Please output the lines from the one with "Vorbemalte niedrige Ork-Mauern" through the end of the data exactly as written, omitting all pictures.

Exercise data Block Start

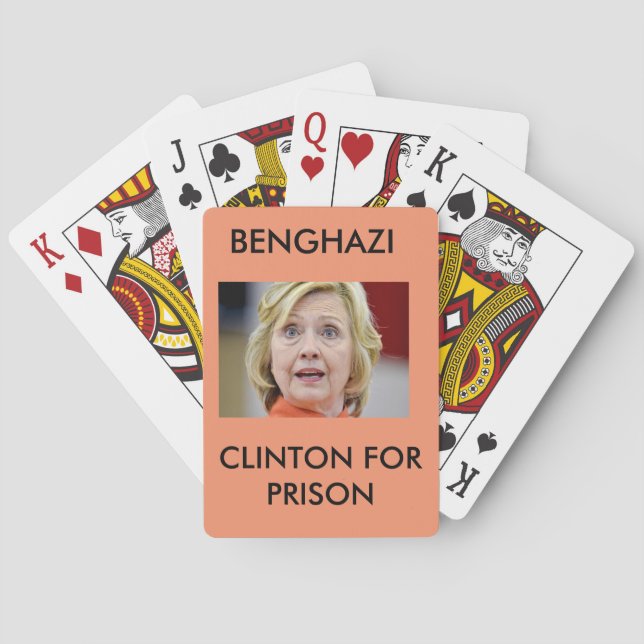 BENGHAZI CLINTON FOR PRISON POKER CARDS (Back)
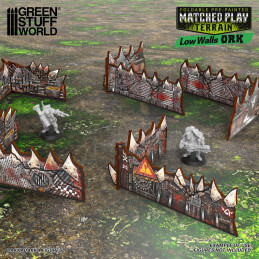 Vorbemalte niedrige Ork-Mauern Matched Play für Warhammer competitive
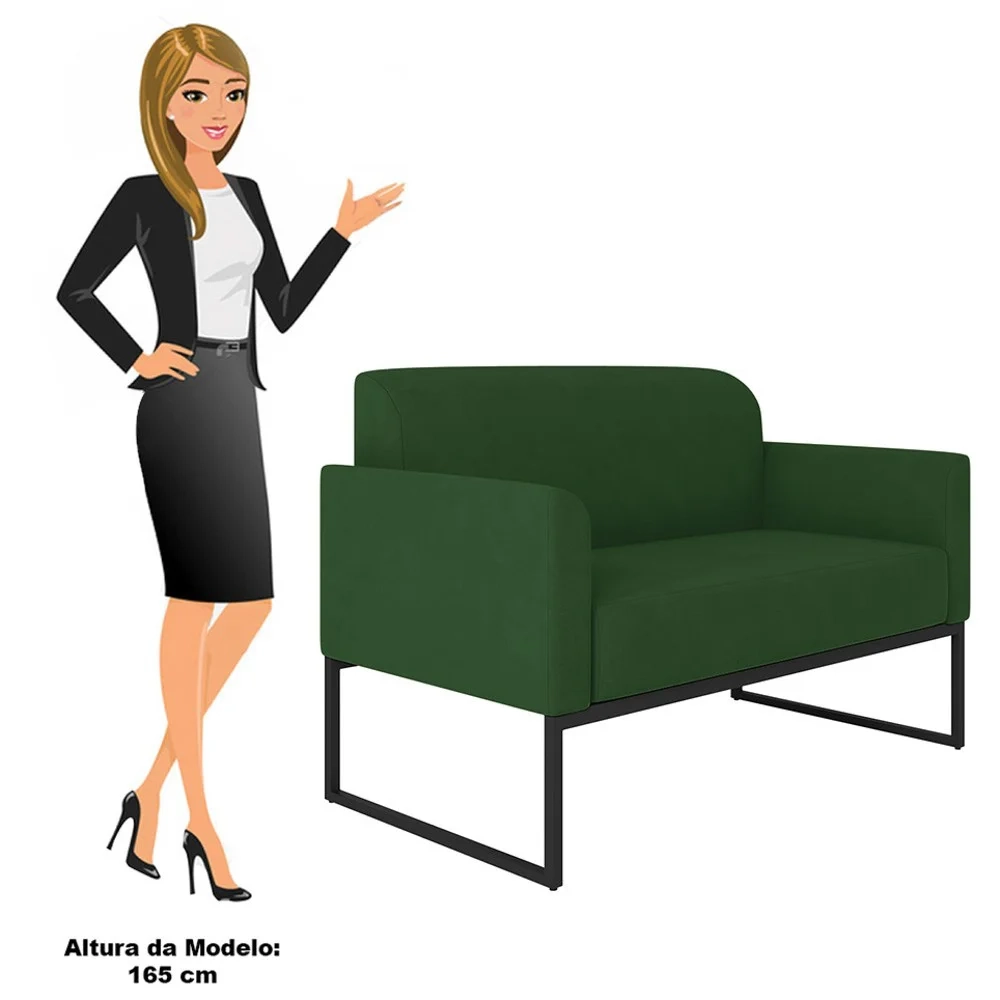 Kit Namoradeira e 2 Poltronas Decorativas Base Industrial Preta Maressa S23 Suede Verde - Ibiza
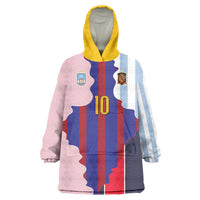 Custom Argentina and Spain Wearable Blanket Hoodie Special Vintage Match Team Edition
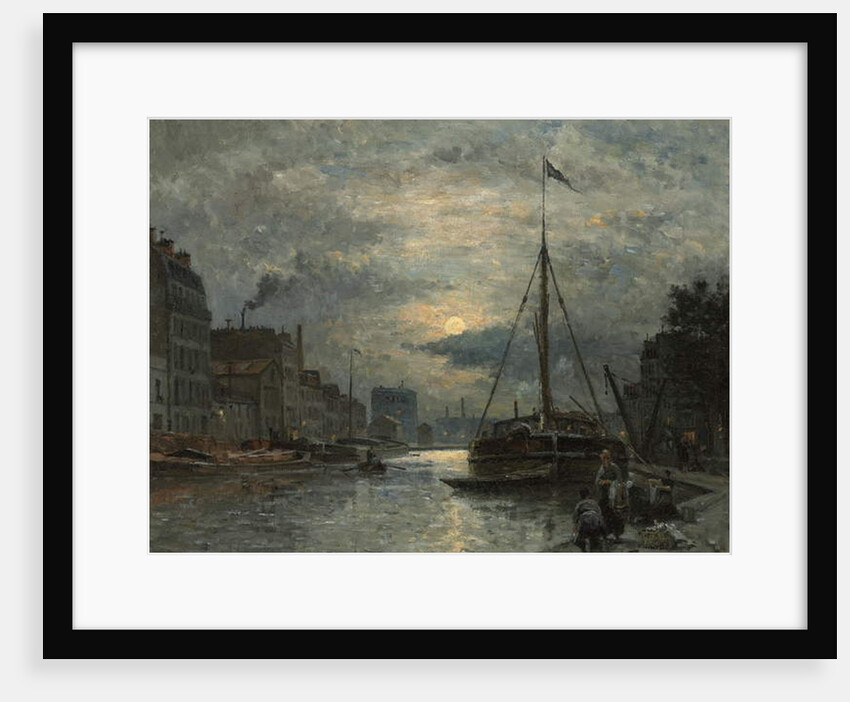 The Saint-Martin Canal at Moonlight; Le Canal Saint-Martin au Clair de Lune, by Stanislas Victor Edouard Lepine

Exercise data Block End

- **Task solution**
 Vorbemalte niedrige Ork-Mauern Matched Play für Warhammer competitive
 Kit Namoradeira e 2 Poltronas Decorativas Base Industrial Preta Maressa S23 Suede Verde - Ibiza
 Custom Argentina and Spain Wearable Blanket Hoodie Special Vintage Match Team Edition
 The Saint-Martin Canal at Moonlight; Le Canal Saint-Martin au Clair de Lune, by Stanislas Victor Edouard Lepine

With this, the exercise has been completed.